Keyun Cheng

Pelican: A Building Block for Exascale Cold Data Storage

Download

OSDI, 2014

Summary

This paper presents Pelican, a rack-scale prototype storage unit as a building block for exabyte-scale cold storage for the cloud. The design of Pelican, including hardware configurations and software stack are tailor-made for cold data workload.

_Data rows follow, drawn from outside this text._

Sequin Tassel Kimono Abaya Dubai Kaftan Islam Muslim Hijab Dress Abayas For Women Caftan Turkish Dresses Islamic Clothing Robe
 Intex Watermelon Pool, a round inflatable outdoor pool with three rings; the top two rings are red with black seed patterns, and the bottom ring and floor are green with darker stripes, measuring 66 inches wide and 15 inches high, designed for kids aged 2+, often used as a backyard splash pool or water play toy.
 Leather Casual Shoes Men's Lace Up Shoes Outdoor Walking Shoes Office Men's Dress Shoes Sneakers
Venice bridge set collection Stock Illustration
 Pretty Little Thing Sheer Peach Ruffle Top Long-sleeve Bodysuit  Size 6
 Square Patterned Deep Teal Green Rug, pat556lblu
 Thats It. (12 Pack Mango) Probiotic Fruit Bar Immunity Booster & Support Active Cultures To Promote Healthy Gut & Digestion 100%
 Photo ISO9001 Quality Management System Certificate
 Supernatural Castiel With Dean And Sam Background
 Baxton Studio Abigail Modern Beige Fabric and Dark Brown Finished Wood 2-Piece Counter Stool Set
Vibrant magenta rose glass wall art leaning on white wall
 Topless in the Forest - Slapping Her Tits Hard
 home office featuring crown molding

The contribution of this paper is (i) it presents right-provisioning of Pelican’s hardware configurations, allowing Pelican to have good performance but with disks partially active to reduce power consumption, (ii) it describes the Pelican software stack that provides good performance (low latency and high throughput) given hardware restrictions, by Pelican’s data layout algorithm and IO scheduling, (iii) it describes Pelican’s prototype very clearly, from hardware configuration to software stack deployment, and evaluates the performance with a rack-scale simulator using cross-validation.

Details

Amazon Galcier, Facebook cold data storage SKU (proprietary at that time)
Modify disk IO handling to increase disk inactivity
Write-offloading to allow disk inactivity: Pergamum
Massive Arrays Of Idle Disks (MAID) systems: support peak performance
Power propotional systems: Rabbit, Sierra

Novelty of the paper

It presents the hardware configurations tailor-made for cold data storage
It presents the right-provisioning of hardware configuration
- Domain as constraints: resource domain (power domain, cooling domain), failure domain
- grouping of disks reduces the complexity of handling individual disks, and allows easier maintance for data layout and IO scheduling
- Partial running of disks to save power, while preserving good performance: only allow several groups running (spinning) concurrently
- The problem is formulated as an optimization problem (maximize non domain-colliding groups)
Pelican presents data layout for fault-tolerance with erasure coding (Cauchy RS(18,15))
- A group with size > 18 (24) such that disk failure within the group can be repaired into the disks within the group (6)
- define mutually-colliding groups and maximize the remaining mutually-disjoint groups
- switching groups will cause spin-up and spin-down of two groups
Pelican schedules IO efficiently for the queries within individual groups to minimize the impact of spin-up latency
- one scheduler for each class of domain
- It considers the rebuild operation which may affects the throughput
evaluation with simulation
- workload: read dominant, but a full-parameter sweep with possible worloads, randomly distributed into each block, 24h
- metrics: completion time, response time, service time, average reject rate, throughput
- it also considers cost of faireness of the scheduling, power consumption, capacity utilization

Extra:

metadata service: catelog

Strength

Weakness

Hardware and software are tightly coupled, and not easily generalized
High reject rate when work rate gets higher, which seens not tolerable (Fig. 6)
significant reduction of performance with repair traffic, even though it’s concurrent(Fig. 7 (b))
How metadata service is maintained by catelog?